Giuseppe Bottero per "La Stampa"
Barack Obama scende in campo contro il web a due velocità e i colossi delle telecomunicazioni affondano a Wall Street. Il presidente degli Stati Uniti, dopo mesi di dubbi, prende posizione nel dibattito sulla neutralità della rete: concetto parecchio alto su cui duellano guru e grandi gruppi di produzione, ma che avrebbe ripercussioni nella vita di tutti.
È giusto che i siti che pagano tariffe più alte abbiano a disposizione una corsia preferenziale per far navigare più velocemente i loro utenti? Parte dell’industria a stelle e strisce pensa di sì, i duri e puri della Silicon Valley (Facebook e Google in testa) sono fermamente contrari. Eppure la Fcc - ovvero l’organismo che controlla la comunicazione Usa - nel maggio scorso ha aperto all’ipotesi, proponendo una consultazione pubblica a cui hanno risposto 3,7 milioni di americani. Da ieri, al fronte del no, s’è aggiunta la voce del presidente.

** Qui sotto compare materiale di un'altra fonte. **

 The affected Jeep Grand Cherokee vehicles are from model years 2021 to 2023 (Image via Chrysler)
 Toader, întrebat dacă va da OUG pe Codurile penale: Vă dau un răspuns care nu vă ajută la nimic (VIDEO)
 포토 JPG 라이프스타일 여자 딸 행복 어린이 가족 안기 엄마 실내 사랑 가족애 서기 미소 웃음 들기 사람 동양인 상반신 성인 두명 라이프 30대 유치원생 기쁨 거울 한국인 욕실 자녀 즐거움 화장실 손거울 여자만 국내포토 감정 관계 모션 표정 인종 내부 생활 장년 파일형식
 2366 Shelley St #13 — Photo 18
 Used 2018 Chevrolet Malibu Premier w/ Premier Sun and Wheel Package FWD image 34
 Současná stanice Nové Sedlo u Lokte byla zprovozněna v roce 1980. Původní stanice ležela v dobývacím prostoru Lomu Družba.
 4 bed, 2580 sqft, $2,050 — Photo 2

Per i fornitori di servizi Comcast - il più grande operatore via cavo al mondo, che in passato non ha lesinato donazioni ai democratici - e Time Warner in Borsa è stata una giornata nerissima. Sarebbero loro, infatti, a trarre il vantaggio maggiore dalle corsie preferenziali, visto che potrebbero vendere «autostrade di byte» a giganti del calibro di Disney, Netflix e YouTube, che hanno la necessità di trasmettere velocemente contenuti molto pesanti.
I portali si oppongono e, nei mesi scorsi, sono volate accuse a colpi di banner pubblicitari. Ieri sono colati a picco anche i titoli degli operatori delle Tlc, a partire da Verizon. Secondo i vertici del primo fornitore di banda larga Usa l’intervento a gamba tesa della Casa Bianca è «dannoso per l’economia e limita la concorrenza». At&t minaccia invece un’azione legale se il divieto di pagamento chiesto da Obama dovesse essere attuato. «Siamo sbalorditi - spiegava ieri il numero uno della National Cable&Telecommunications Michael Powell -. L’intervento del governo rischia di portare risultati devastanti».

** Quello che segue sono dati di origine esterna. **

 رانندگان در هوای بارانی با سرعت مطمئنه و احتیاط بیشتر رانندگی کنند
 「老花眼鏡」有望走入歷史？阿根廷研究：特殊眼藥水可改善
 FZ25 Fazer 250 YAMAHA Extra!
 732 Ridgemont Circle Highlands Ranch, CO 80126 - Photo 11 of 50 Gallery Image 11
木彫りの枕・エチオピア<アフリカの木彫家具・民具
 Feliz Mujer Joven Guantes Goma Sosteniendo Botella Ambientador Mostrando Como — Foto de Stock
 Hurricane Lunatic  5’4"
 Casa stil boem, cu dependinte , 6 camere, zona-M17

Gli attivisti, invece, brindano al tackle del presidente. «Agli americani è stato promesso, e lo meritano, che internet sia privo di strade a pagamento, corsie preferenziali e censure, aziendali o governative», dice Todd O’Boyle, responsabile dell’organizzazione «Common Cause’s Media and Democracy Reform Initiative». La posta in gioco è altissima, e a rischiare, oltre ai consumatori, sarebbero soprattutto le start-up: se una società non potesse permettersi di pagare la linea veloce potrebbe perdere clienti spingendoli a rivolgersi ad altre aziende e rischiando la chiusura.

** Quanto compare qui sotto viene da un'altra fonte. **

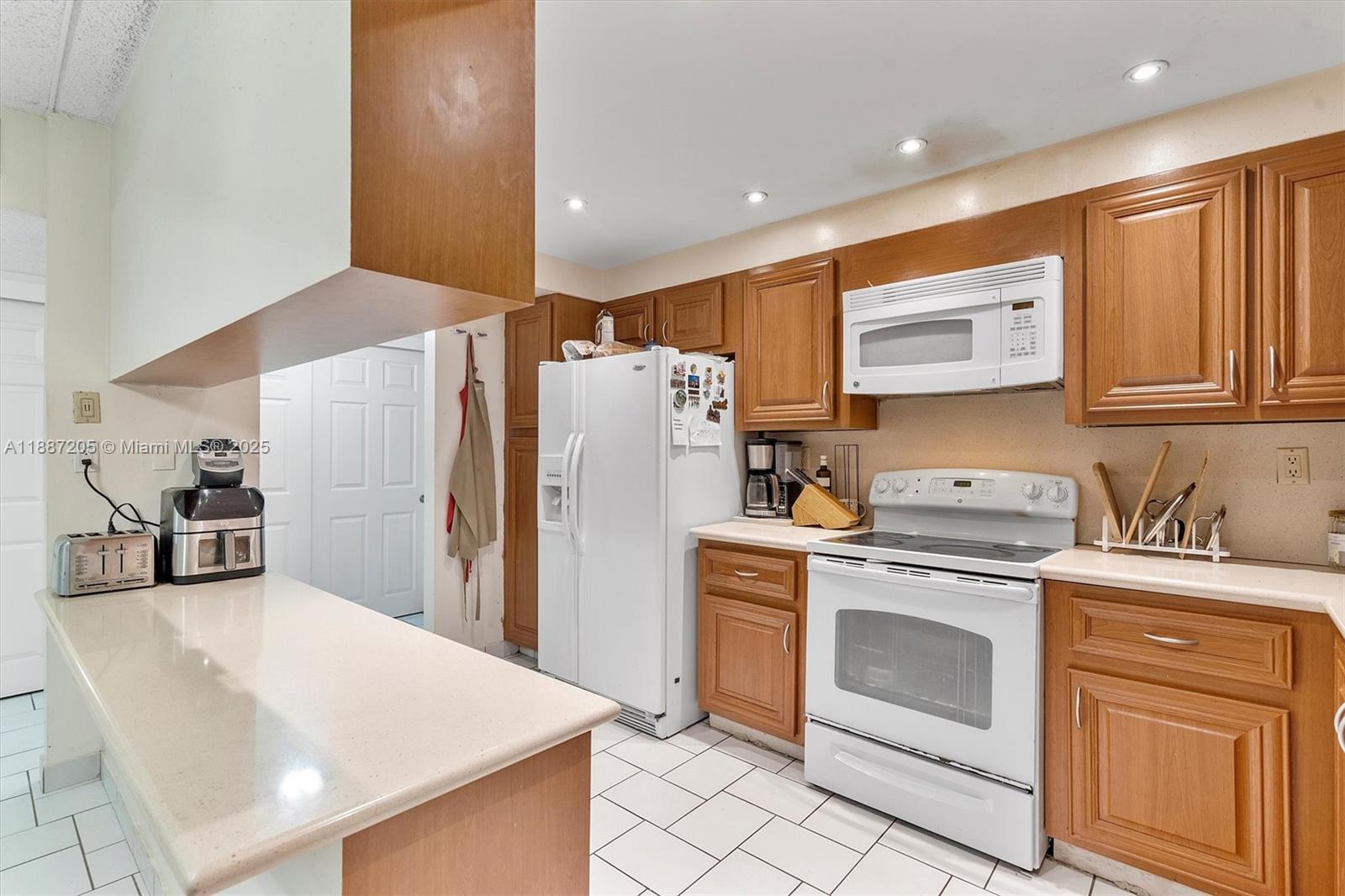 Property photo # 9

Alle battaglie che si combattono attorno al web, ieri, s’è aggiunta quella relativa ai rimborsi dopo la catena di cyber-attacchi che hanno colpito i grandi magazzini statunitensi, da Home Depot a Target. Operazioni massicce, che hanno portato nelle mani degli hacker i dati di centinaia di migliaia di carte di credito. Ora, il braccio di ferro tra le banche e i negozianti: chi paga i danni? Il fronte degli istituti , per una volta, è compatto: d’altra parte le cifre in ballo superano i 160 milioni di dollari. Mentre si dibatteva, però, i pirati colpivano ancora e le Poste americane, subivano il furto di 500 mila dati. Violati, scrive il «Wall Street Journal», nomi, indirizzi e numeri della Social Security. I maggiori indiziati sarebbero i cinesi.